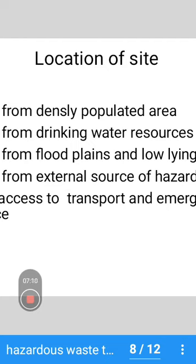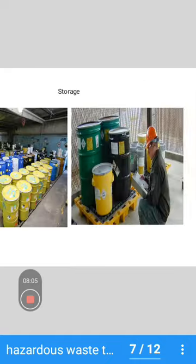It should be away from drinking water resources so that landfill or disposal does not affect human health. Next, it should be away from floodplains and low-lying areas. It should also be away from external sources of hazards, and easy access to transport and emergency services should be available at the storage site location.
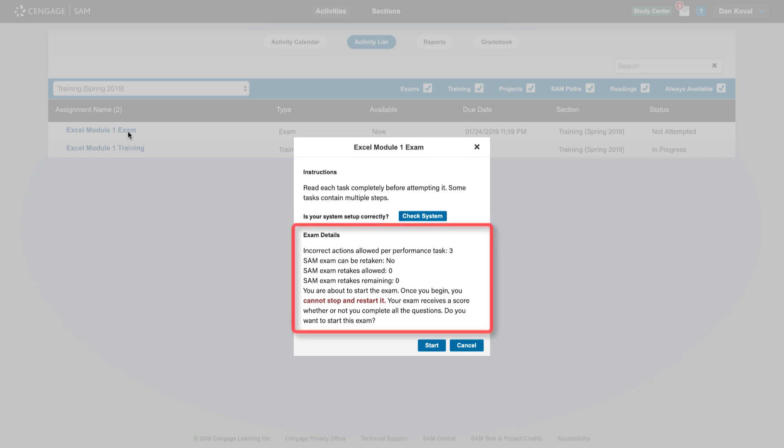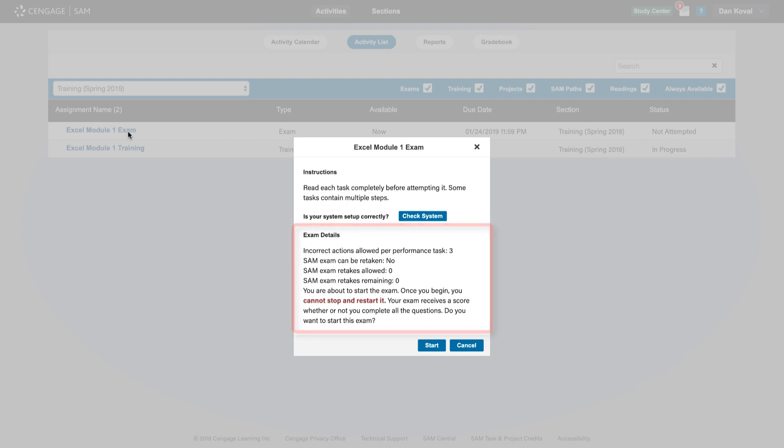Pay attention to the assignment details which may include a time limit, the number of attempts you have, as well as how many attempts are remaining. Note that unlike trainings, exams must be completed once started, so make sure you have allowed yourself enough time once you have reviewed this information.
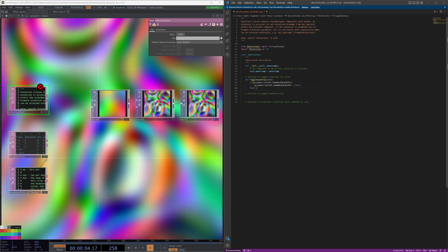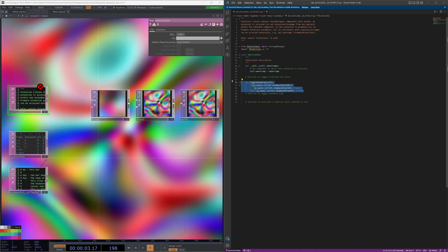So what we'll do is: if ui.panes.current.showBackdropTops is currently set to true, then we want to take this and set it to false. Otherwise, we want to set it to true. That's pretty simple — and that was this function.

___

With the pictures removed, return the full listing exactly as given.

OUTPUT FOR THIS TASK >>
It should be away from drinking water resources so that landfill or disposal does not affect human health. Next, it should be away from floodplains and low-lying areas. It should also be away from external sources of hazards, and easy access to transport and emergency services should be available at the storage site location.
Pay attention to the assignment details which may include a time limit, the number of attempts you have, as well as how many attempts are remaining. Note that unlike trainings, exams must be completed once started, so make sure you have allowed yourself enough time once you have reviewed this information.
So what we'll do is: if ui.panes.current.showBackdropTops is currently set to true, then we want to take this and set it to false. Otherwise, we want to set it to true. That's pretty simple — and that was this function.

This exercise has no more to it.